Pat Leary
Harold's Printing Company
Brookings, South Dakota
[Written: October, 2005]
I was bitten by the letterpress bug in
1947; I got a "toy" 5x3 platen press and a font of 12-pt. type for a gift. Somehow I got wind of the Turnbaugh Service in Mechanicsville,
Pa., and assiduously began buying type, cases, reglets, leads and slugs, you name it. In 1949 I got a job at the local weekly, The
Mobridge I(S.D.) Tribune, a 16-page, 3,000 circulation weekly, where (lucky for me) I got excellent instruction from craftsmen. The
Korean war was a break for me--my boss was worried his printers would be called back into the Army, so I got to learn the Linotype.

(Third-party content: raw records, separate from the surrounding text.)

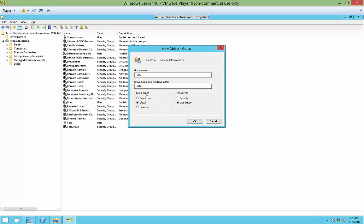You have a few different options on the scope. The domain local is the domain that you're currently logged in as. Global would be all the domains that you have inside your single forest. Universal would be all of your forests and all of your domains. So where do you want to create that group? How high up do you want to go?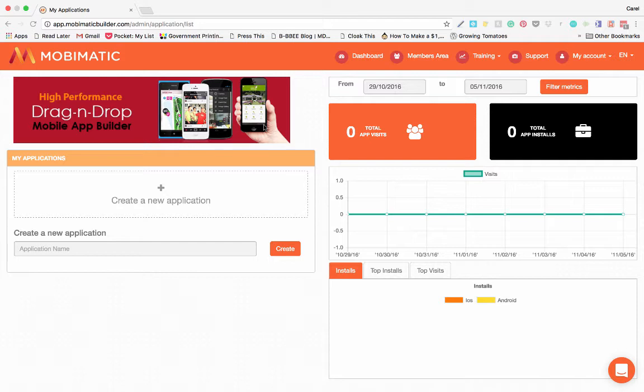So let's quickly have a look at the MobiMatic dashboard. When you sign into MobiMatic you will be brought straight to the dashboard.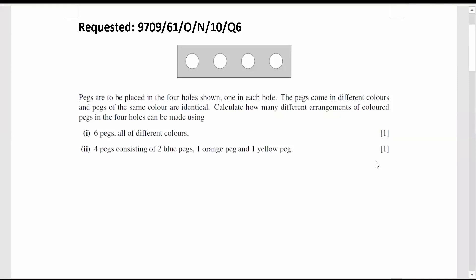This is the requested video. The question is from October-November 2010, Variant 6.1, question 6.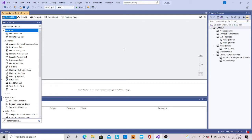Hi, this is Lakshmi. Today I'm going to explain how to use variables and parameters in the script task.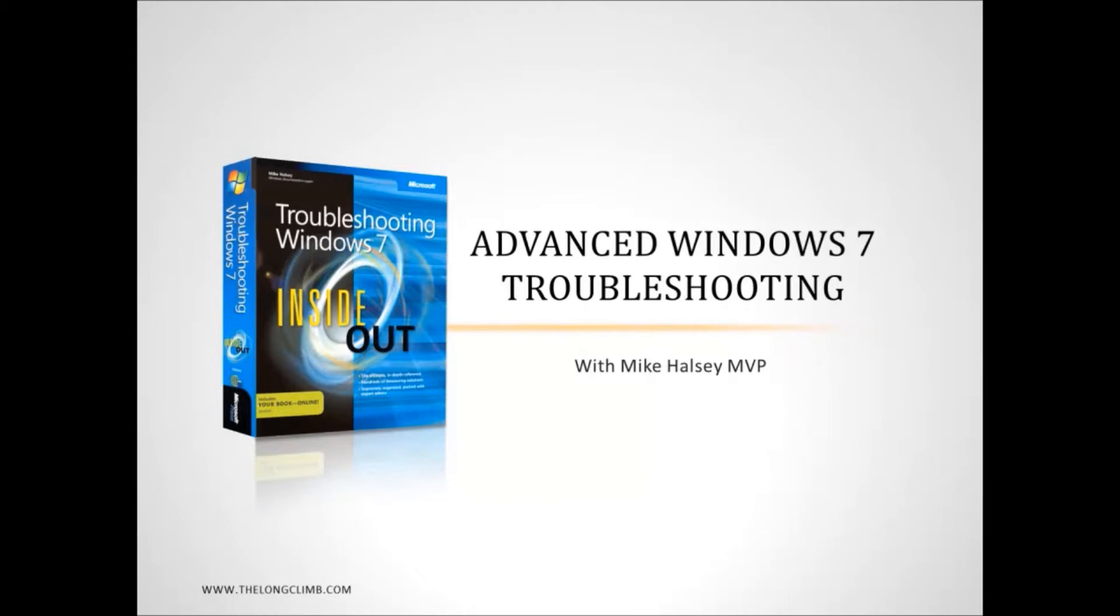Hi, I'm Mike Halsey, the author of Troubleshooting Windows 7 Inside Out from Microsoft Press. Welcome to Advanced Windows 7 Troubleshooting.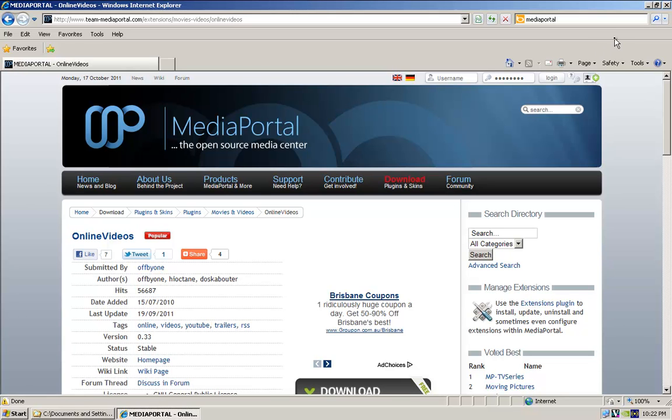And then we'll come right back, and we'll go through the installation and configuration of Media Portal itself.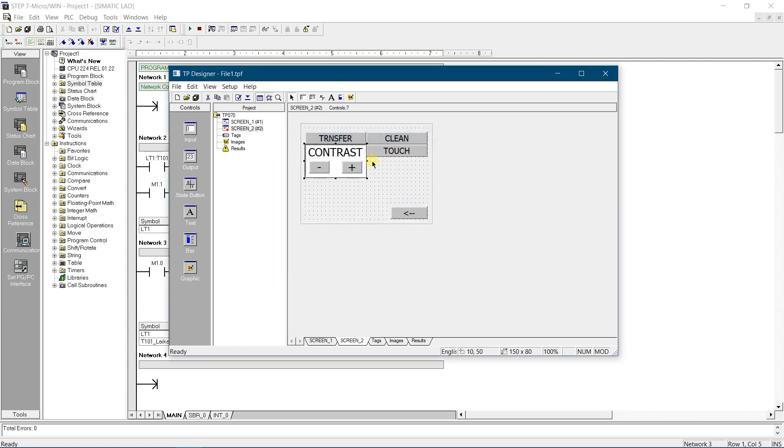Drop two buttons on the screen and align them inside the text field. Name first button as minus, and another button as plus. First one will decrease contrast while another one will increase it.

Before I graduated from high school in 1953, I was cranking out 8 galleys a week (8-pt. solid) in two afternoons after school. One
week I was kept out of school because our regular operator was hospitalized--and we got the paper out on time. I immediately soared
to $1.20 an hour--cheap insurance for my employers.
I took two years of printing and three years of rural journalism at South
Dakota State University, putting myself through by setting type on the night shift of the Brookings (S.D.) Register, a 30-pages-a-week
semi weekly. Summers I hired out as a relief Linotype operator for dailies in Ashland, Ore.; Canton, Ill., and Cairo, Ill.After graduation,
marriage and a stint in the Army, I managed the Volga (S.D.) Tribune, a small tabloid weekly. After four years I became an estimator/production
manager at Harold's Printing Co., Brookings, S.D., which my wife, Eunice, and I have owned for the past 38+ years. We still do
letterpress there, much of it custom numbering/perforating/die cutting for other printers. I'm about the last hot metal guy in at
least Eastern South Dakota, possibly all of the state--I refer to the composition I do for other printers as my "therapy" because
it's still fun after all these years.
I own a 72/90 "2-in-1" Model 32 with untold magazines of mats, a Ludlow with six cabinets
of mats, and a modest assortment of foundry type. I'm afflicted with that non-terminal disease, matrix accumulation. [The difference
between me, my mats and a guy with 10 kids is he knows he's got enough!]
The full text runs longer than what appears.